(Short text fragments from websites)
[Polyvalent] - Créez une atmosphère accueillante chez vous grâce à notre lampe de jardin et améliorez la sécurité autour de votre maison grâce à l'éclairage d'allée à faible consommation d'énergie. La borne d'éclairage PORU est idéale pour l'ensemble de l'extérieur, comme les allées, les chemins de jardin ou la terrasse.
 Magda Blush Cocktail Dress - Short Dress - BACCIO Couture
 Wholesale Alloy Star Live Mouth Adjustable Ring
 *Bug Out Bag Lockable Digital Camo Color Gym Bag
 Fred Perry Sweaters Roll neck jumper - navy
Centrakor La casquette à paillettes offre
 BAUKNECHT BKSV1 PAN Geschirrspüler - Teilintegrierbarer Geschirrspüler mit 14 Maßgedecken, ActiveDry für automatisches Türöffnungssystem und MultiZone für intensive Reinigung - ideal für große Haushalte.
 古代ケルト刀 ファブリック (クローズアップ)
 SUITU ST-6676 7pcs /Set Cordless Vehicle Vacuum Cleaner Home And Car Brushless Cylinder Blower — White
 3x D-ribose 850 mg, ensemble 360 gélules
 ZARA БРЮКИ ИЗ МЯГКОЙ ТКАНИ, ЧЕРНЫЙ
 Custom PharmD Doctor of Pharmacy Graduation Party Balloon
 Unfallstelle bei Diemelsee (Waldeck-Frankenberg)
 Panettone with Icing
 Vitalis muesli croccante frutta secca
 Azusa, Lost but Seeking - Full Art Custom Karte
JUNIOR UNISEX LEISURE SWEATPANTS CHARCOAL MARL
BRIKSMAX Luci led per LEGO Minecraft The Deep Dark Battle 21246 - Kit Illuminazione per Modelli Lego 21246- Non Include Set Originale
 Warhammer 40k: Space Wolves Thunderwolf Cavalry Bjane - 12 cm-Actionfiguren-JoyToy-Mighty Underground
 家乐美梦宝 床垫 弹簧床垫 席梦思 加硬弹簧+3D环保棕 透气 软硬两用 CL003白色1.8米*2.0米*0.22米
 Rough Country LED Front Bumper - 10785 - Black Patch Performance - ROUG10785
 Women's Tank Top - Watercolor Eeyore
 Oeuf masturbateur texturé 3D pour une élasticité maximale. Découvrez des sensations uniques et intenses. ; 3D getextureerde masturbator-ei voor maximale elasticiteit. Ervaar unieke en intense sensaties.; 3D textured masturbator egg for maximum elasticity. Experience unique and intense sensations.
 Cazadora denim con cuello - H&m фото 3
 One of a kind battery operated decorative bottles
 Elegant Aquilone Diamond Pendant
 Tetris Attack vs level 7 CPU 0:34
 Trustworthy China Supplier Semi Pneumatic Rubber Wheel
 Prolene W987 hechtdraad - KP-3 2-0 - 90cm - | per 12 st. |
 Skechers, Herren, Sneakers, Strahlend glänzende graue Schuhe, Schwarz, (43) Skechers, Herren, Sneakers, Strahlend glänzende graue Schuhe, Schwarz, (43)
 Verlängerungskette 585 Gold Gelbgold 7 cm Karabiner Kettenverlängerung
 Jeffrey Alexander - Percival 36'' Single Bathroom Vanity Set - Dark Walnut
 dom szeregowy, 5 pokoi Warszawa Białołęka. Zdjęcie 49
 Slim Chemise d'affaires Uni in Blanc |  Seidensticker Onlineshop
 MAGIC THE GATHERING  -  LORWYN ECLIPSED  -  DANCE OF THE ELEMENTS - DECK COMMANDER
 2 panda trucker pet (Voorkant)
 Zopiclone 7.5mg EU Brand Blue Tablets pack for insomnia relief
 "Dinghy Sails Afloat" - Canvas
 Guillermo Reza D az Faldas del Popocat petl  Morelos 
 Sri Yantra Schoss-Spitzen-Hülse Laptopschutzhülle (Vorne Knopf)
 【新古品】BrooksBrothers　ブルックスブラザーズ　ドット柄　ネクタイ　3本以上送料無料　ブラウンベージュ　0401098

## [REQUIREMENT]
All entries are to be repeated exactly and completely.

## [SOLUTION FOR THIS EXERCISE]
[Polyvalent] - Créez une atmosphère accueillante chez vous grâce à notre lampe de jardin et améliorez la sécurité autour de votre maison grâce à l'éclairage d'allée à faible consommation d'énergie. La borne d'éclairage PORU est idéale pour l'ensemble de l'extérieur, comme les allées, les chemins de jardin ou la terrasse.
 Magda Blush Cocktail Dress - Short Dress - BACCIO Couture
 Wholesale Alloy Star Live Mouth Adjustable Ring
 *Bug Out Bag Lockable Digital Camo Color Gym Bag
 Fred Perry Sweaters Roll neck jumper - navy
Centrakor La casquette à paillettes offre
 BAUKNECHT BKSV1 PAN Geschirrspüler - Teilintegrierbarer Geschirrspüler mit 14 Maßgedecken, ActiveDry für automatisches Türöffnungssystem und MultiZone für intensive Reinigung - ideal für große Haushalte.
 古代ケルト刀 ファブリック (クローズアップ)
 SUITU ST-6676 7pcs /Set Cordless Vehicle Vacuum Cleaner Home And Car Brushless Cylinder Blower — White
 3x D-ribose 850 mg, ensemble 360 gélules
 ZARA БРЮКИ ИЗ МЯГКОЙ ТКАНИ, ЧЕРНЫЙ
 Custom PharmD Doctor of Pharmacy Graduation Party Balloon
 Unfallstelle bei Diemelsee (Waldeck-Frankenberg)
 Panettone with Icing
 Vitalis muesli croccante frutta secca
 Azusa, Lost but Seeking - Full Art Custom Karte
JUNIOR UNISEX LEISURE SWEATPANTS CHARCOAL MARL
BRIKSMAX Luci led per LEGO Minecraft The Deep Dark Battle 21246 - Kit Illuminazione per Modelli Lego 21246- Non Include Set Originale
 Warhammer 40k: Space Wolves Thunderwolf Cavalry Bjane - 12 cm-Actionfiguren-JoyToy-Mighty Underground
 家乐美梦宝 床垫 弹簧床垫 席梦思 加硬弹簧+3D环保棕 透气 软硬两用 CL003白色1.8米*2.0米*0.22米
 Rough Country LED Front Bumper - 10785 - Black Patch Performance - ROUG10785
 Women's Tank Top - Watercolor Eeyore
 Oeuf masturbateur texturé 3D pour une élasticité maximale. Découvrez des sensations uniques et intenses. ; 3D getextureerde masturbator-ei voor maximale elasticiteit. Ervaar unieke en intense sensaties.; 3D textured masturbator egg for maximum elasticity. Experience unique and intense sensations.
 Cazadora denim con cuello - H&m фото 3
 One of a kind battery operated decorative bottles
 Elegant Aquilone Diamond Pendant
 Tetris Attack vs level 7 CPU 0:34
 Trustworthy China Supplier Semi Pneumatic Rubber Wheel
 Prolene W987 hechtdraad - KP-3 2-0 - 90cm - | per 12 st. |
 Skechers, Herren, Sneakers, Strahlend glänzende graue Schuhe, Schwarz, (43) Skechers, Herren, Sneakers, Strahlend glänzende graue Schuhe, Schwarz, (43)
 Verlängerungskette 585 Gold Gelbgold 7 cm Karabiner Kettenverlängerung
 Jeffrey Alexander - Percival 36'' Single Bathroom Vanity Set - Dark Walnut
 dom szeregowy, 5 pokoi Warszawa Białołęka. Zdjęcie 49
 Slim Chemise d'affaires Uni in Blanc |  Seidensticker Onlineshop
 MAGIC THE GATHERING  -  LORWYN ECLIPSED  -  DANCE OF THE ELEMENTS - DECK COMMANDER
 2 panda trucker pet (Voorkant)
 Zopiclone 7.5mg EU Brand Blue Tablets pack for insomnia relief
 "Dinghy Sails Afloat" - Canvas
 Guillermo Reza D az Faldas del Popocat petl  Morelos 
 Sri Yantra Schoss-Spitzen-Hülse Laptopschutzhülle (Vorne Knopf)
 【新古品】BrooksBrothers　ブルックスブラザーズ　ドット柄　ネクタイ　3本以上送料無料　ブラウンベージュ　0401098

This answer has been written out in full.